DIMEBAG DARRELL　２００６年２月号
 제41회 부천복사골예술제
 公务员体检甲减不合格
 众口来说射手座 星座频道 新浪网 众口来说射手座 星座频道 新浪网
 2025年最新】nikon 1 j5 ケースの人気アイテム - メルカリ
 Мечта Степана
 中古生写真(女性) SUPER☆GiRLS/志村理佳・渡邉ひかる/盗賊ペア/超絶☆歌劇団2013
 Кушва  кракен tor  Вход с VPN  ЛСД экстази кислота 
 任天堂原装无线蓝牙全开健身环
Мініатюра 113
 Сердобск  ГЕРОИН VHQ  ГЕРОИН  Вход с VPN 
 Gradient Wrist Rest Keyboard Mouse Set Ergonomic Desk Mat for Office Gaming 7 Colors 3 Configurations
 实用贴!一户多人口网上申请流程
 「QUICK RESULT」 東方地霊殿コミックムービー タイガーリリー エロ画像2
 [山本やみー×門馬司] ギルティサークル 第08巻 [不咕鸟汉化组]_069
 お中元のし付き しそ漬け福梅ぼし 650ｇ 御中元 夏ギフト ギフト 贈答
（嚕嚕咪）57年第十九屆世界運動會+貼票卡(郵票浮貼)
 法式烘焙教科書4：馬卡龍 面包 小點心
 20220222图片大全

**What the exercise asks**
Working from the material above, restate word for word the lines between the line with "中古生写真(女性) SUPE" and the line with "[山本やみー×門馬司] ギルティサークル 第08巻 [不咕鸟汉化组]_069", both included, and only those.

**Solution to this problem**
 中古生写真(女性) SUPER☆GiRLS/志村理佳・渡邉ひかる/盗賊ペア/超絶☆歌劇団2013
 Кушва  кракен tor  Вход с VPN  ЛСД экстази кислота 
 任天堂原装无线蓝牙全开健身环
Мініатюра 113
 Сердобск  ГЕРОИН VHQ  ГЕРОИН  Вход с VPN 
 Gradient Wrist Rest Keyboard Mouse Set Ergonomic Desk Mat for Office Gaming 7 Colors 3 Configurations
 实用贴!一户多人口网上申请流程
 「QUICK RESULT」 東方地霊殿コミックムービー タイガーリリー エロ画像2
 [山本やみー×門馬司] ギルティサークル 第08巻 [不咕鸟汉化组]_069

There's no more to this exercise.